──────── INFORMATION SUPPLIED

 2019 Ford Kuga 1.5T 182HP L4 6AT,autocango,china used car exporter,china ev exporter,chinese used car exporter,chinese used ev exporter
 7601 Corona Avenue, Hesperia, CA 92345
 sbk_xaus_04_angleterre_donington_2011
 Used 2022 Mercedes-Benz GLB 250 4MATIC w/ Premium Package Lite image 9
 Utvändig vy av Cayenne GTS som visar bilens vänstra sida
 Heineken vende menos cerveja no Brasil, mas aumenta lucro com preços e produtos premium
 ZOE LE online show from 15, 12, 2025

────────────────
──────── INFORMATION SUPPLIED

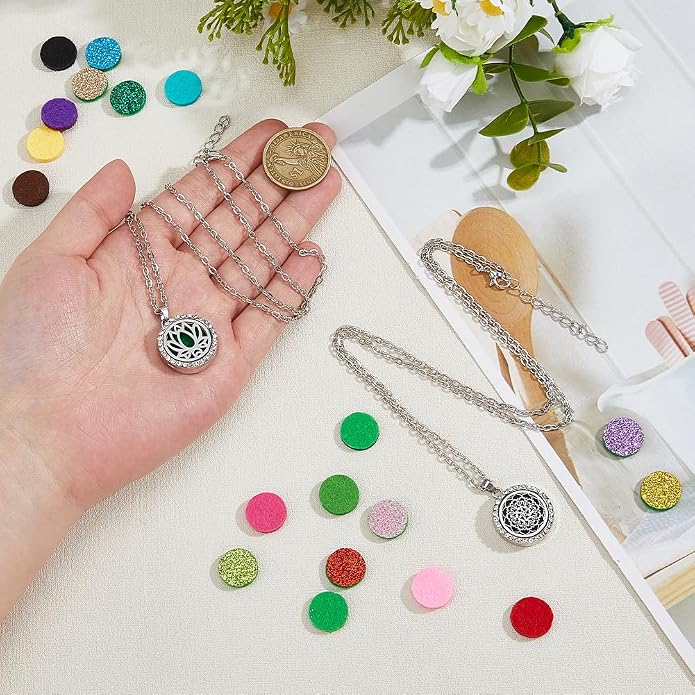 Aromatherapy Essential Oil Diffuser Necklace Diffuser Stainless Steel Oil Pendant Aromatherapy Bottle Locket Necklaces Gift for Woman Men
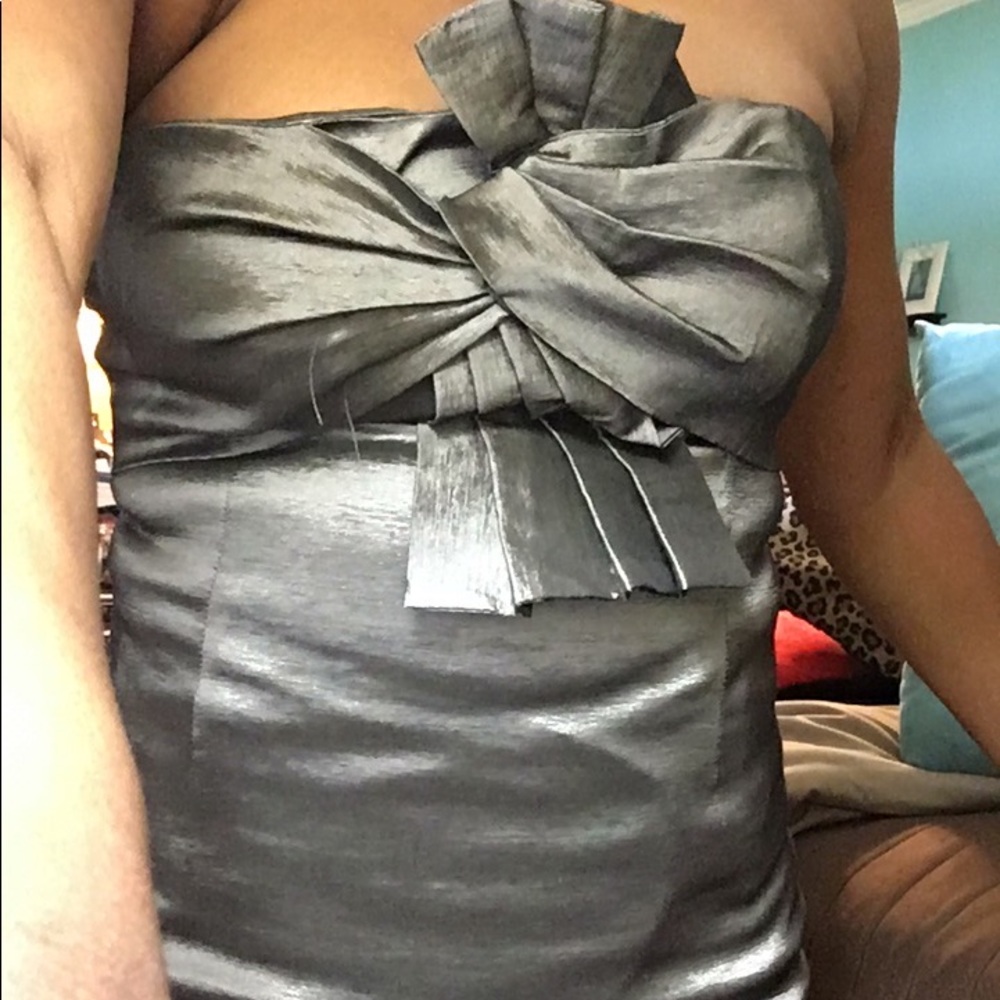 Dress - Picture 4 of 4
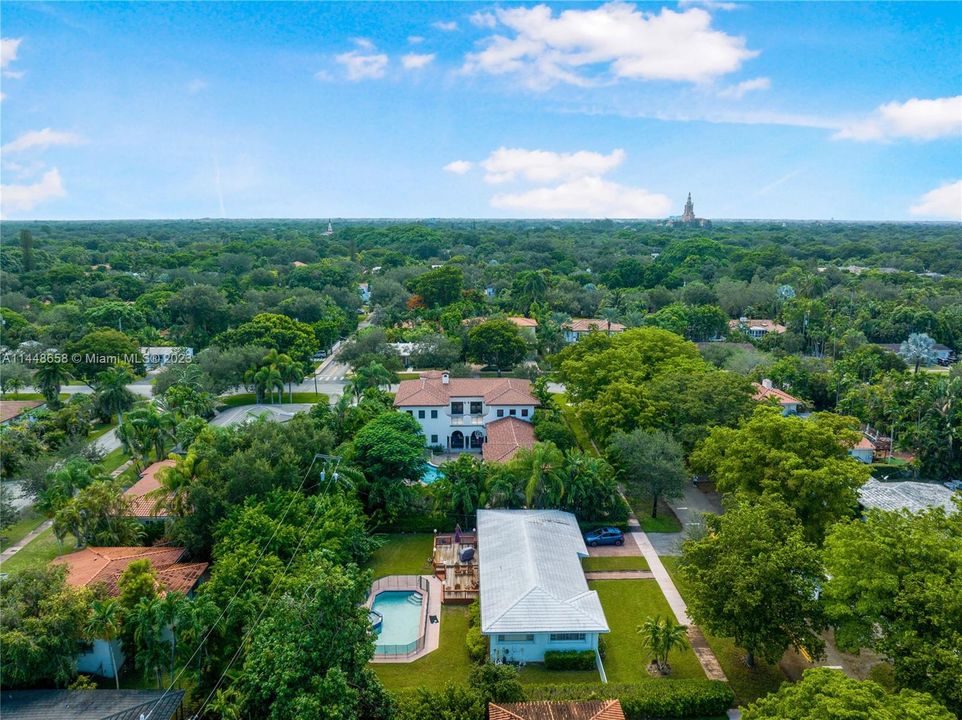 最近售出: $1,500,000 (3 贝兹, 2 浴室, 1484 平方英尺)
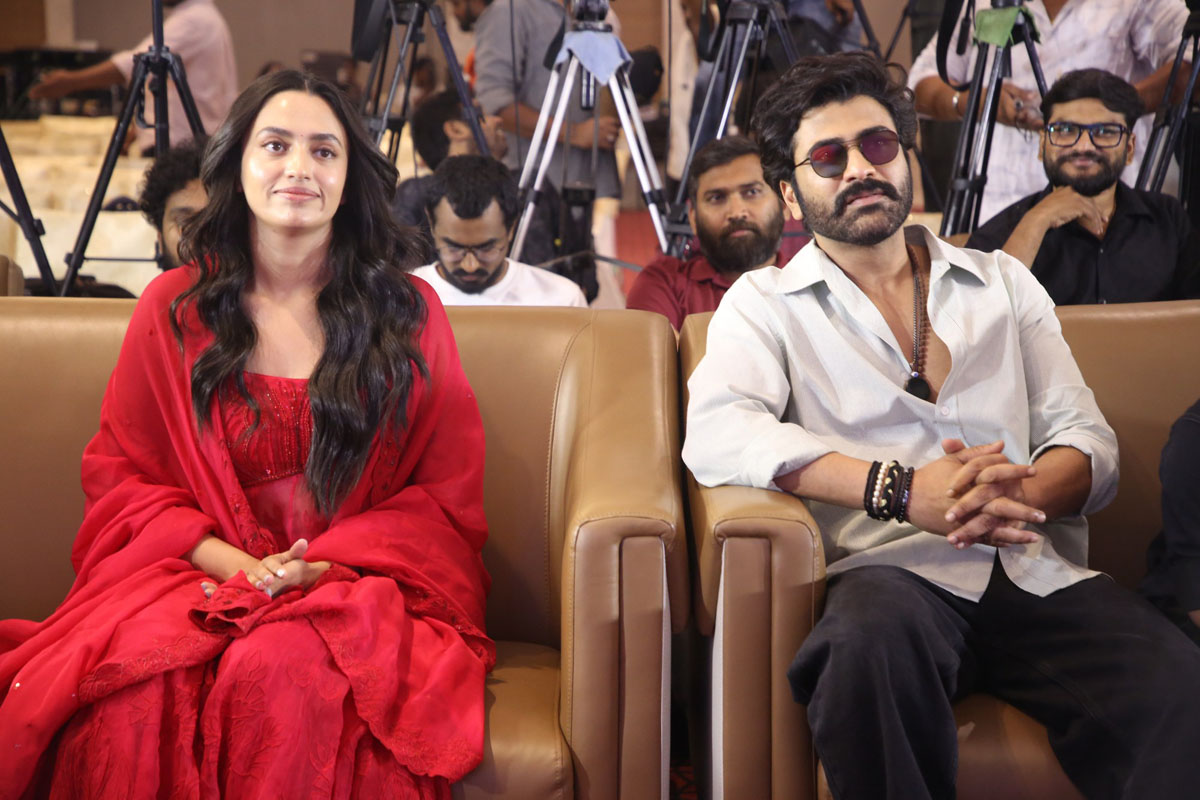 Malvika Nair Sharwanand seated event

────────────────

* **TASK GOAL**:
Out of the data above, transcribe exactly and only the lines starting with the line that has "Utvändig vy av" and going on through the line that has "ZOE LE online show from 15, 12, 2025", both included.

* **ANSWER FOR THIS EXERCISE**:
 Utvändig vy av Cayenne GTS som visar bilens vänstra sida
 Heineken vende menos cerveja no Brasil, mas aumenta lucro com preços e produtos premium
 ZOE LE online show from 15, 12, 2025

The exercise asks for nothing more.